Google DeepMind has developed a new approach to data collection that can be used to quickly gather large amounts of data from real-world interactions. The aim is to improve the ability of robots to successfully complete more complex tasks.
RoboVQA uses a "crowd-sourced bottom-up" approach to data collection. Specifically, data, including egocentric videos, will be collected from humans, robots, and humans controlling a robot arm for a variety of tasks.
RoboVQA learns from humans and machines
The process starts with detailed instructions for household tasks such as "make me a coffee" or "tidy up the office". Robots, humans, and humans with robotic arms then carried out the tasks in three office buildings.
Image: Google Deepmind
Crowdworkers then used the videos to break down the lengthy tasks into shorter segments with natural language descriptions such as 'take the coffee beans' or 'turn on the coffee maker'. This resulted in more than 829,502 videos with detailed instructions. According to Deepmind, this method enables much faster data collection than other methods that do not rely on crowdsourcing.

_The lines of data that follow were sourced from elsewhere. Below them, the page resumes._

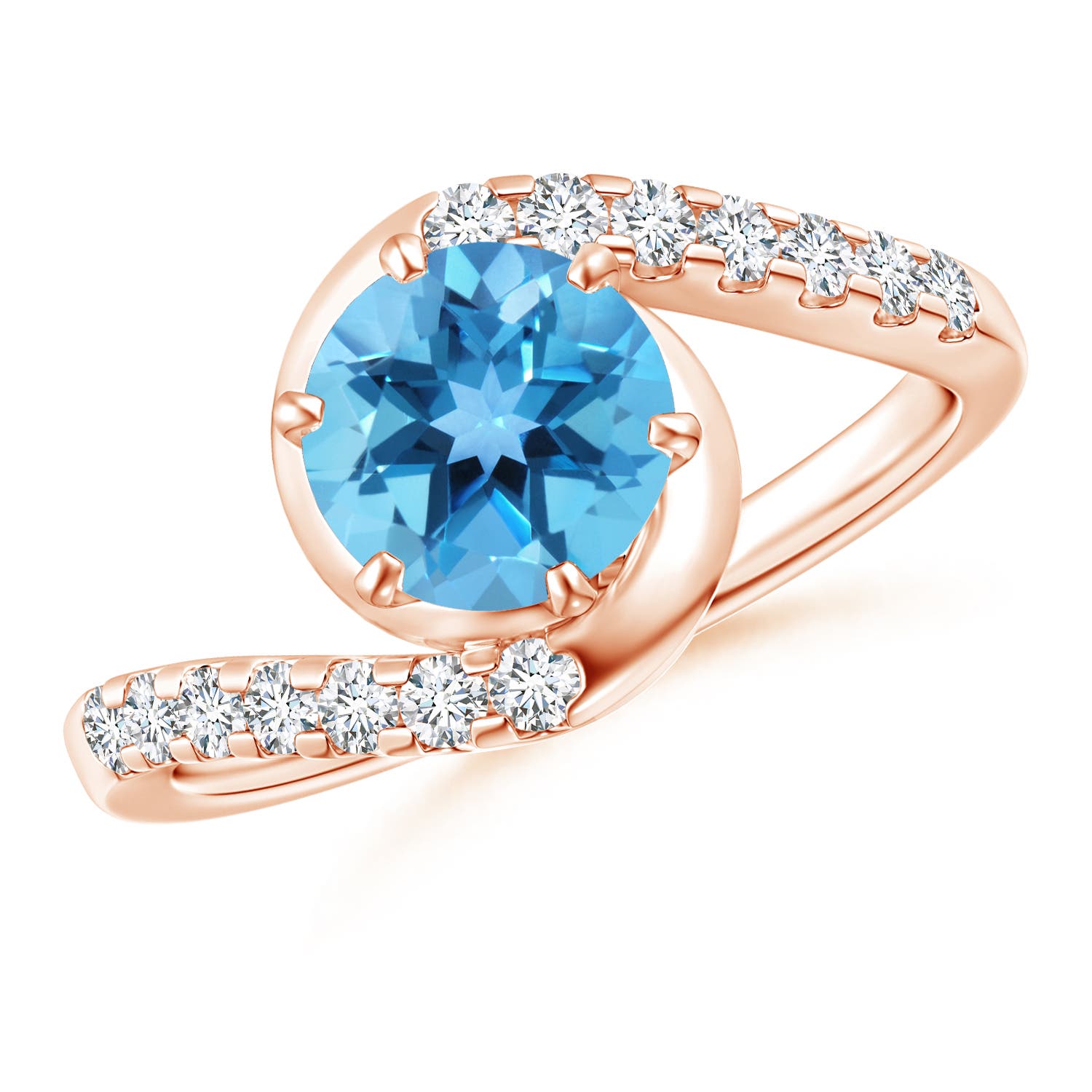 AA - Swiss Blue Topaz / 1.9 CT / 14 KT Rose Gold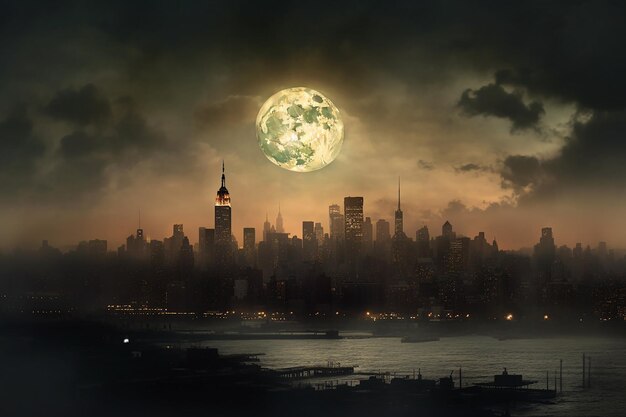 Luna sullo skyline di New York attraverso l'aria inquinata Creato con strumenti di intelligenza artificiale generativa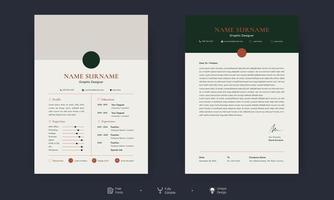 schoon modern cv en sollicitatiebriefsjabloon. vectorsjabloon voor zakelijke sollicitaties, cv-sjablonen. professioneel cv briefhoofd, persoonlijke beschrijving profiel vector set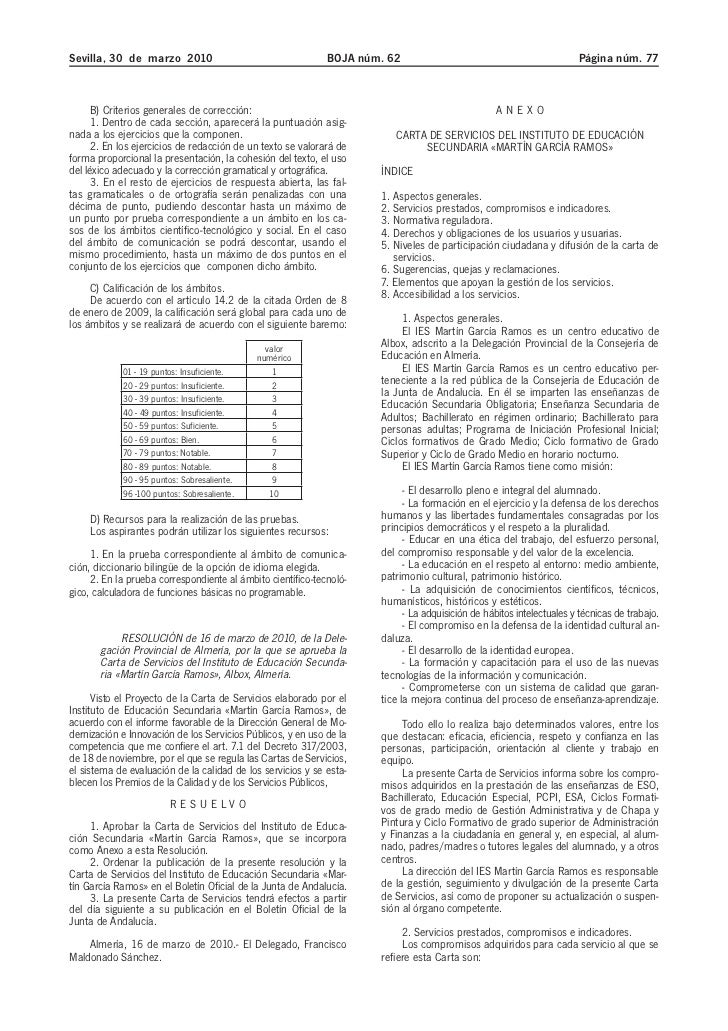 Carta De Servicios Iesmgr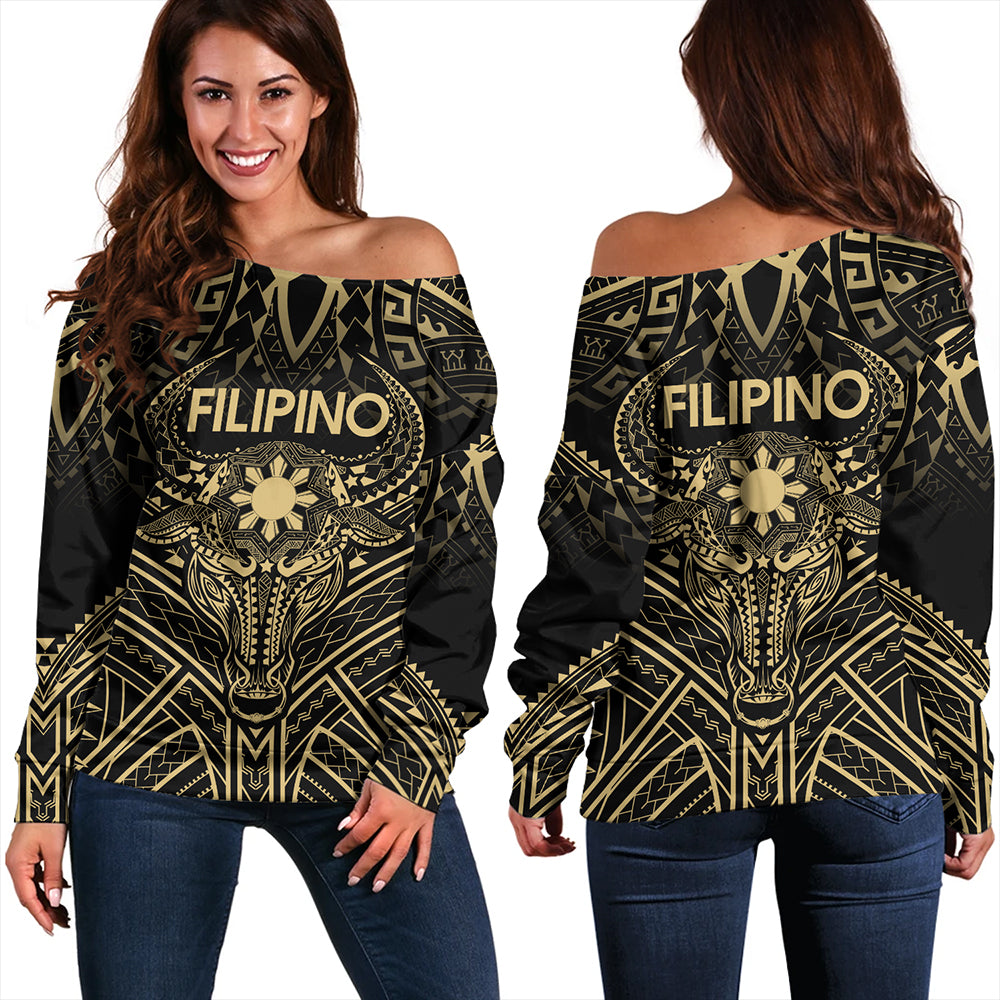 Philippines Filipinos Off Shoulder Sweatshirt Tribal Koner Water Buffalo Tattoo Gold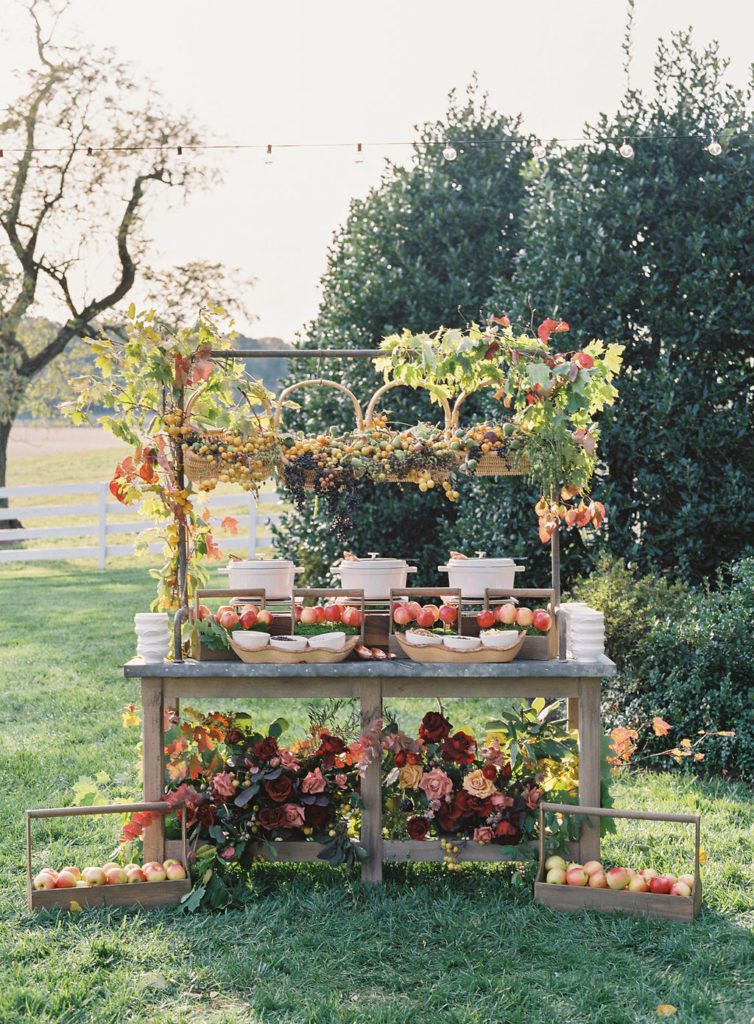 fall wedding, autumn wedding, family farm wedding, caramel apple dipping station, wedding catering 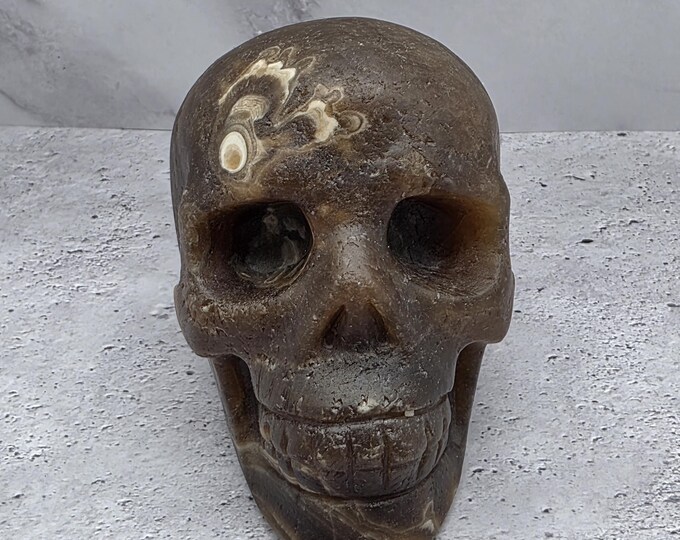 Hand Carved Amber Calcite Skull, Natural Banded Stone Gothic Decor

RoboVQA-VideoCoCa outperforms other robot models
The researchers also showed that the collected data actually adds value. The team trained the RoboVQA-VideoCoCa model, which performed a variety of tasks in realistic environments significantly better than other approaches based on other vision-language models (VLMs). Compared to these, the robots required 46 percent less human intervention. According to the team, this is a significant step forward, but it also shows that there is still a lot of data to be collected.
In another test, the team also showed that the model's errors can be reduced by almost 20 percent by using a video VLM instead of a VLM that only analyses individual images.
Meanwhile, another team of AI researchers presented RoboGen, a method for automatically generating training data for robots in simulations.
All information and data are available on GitHub.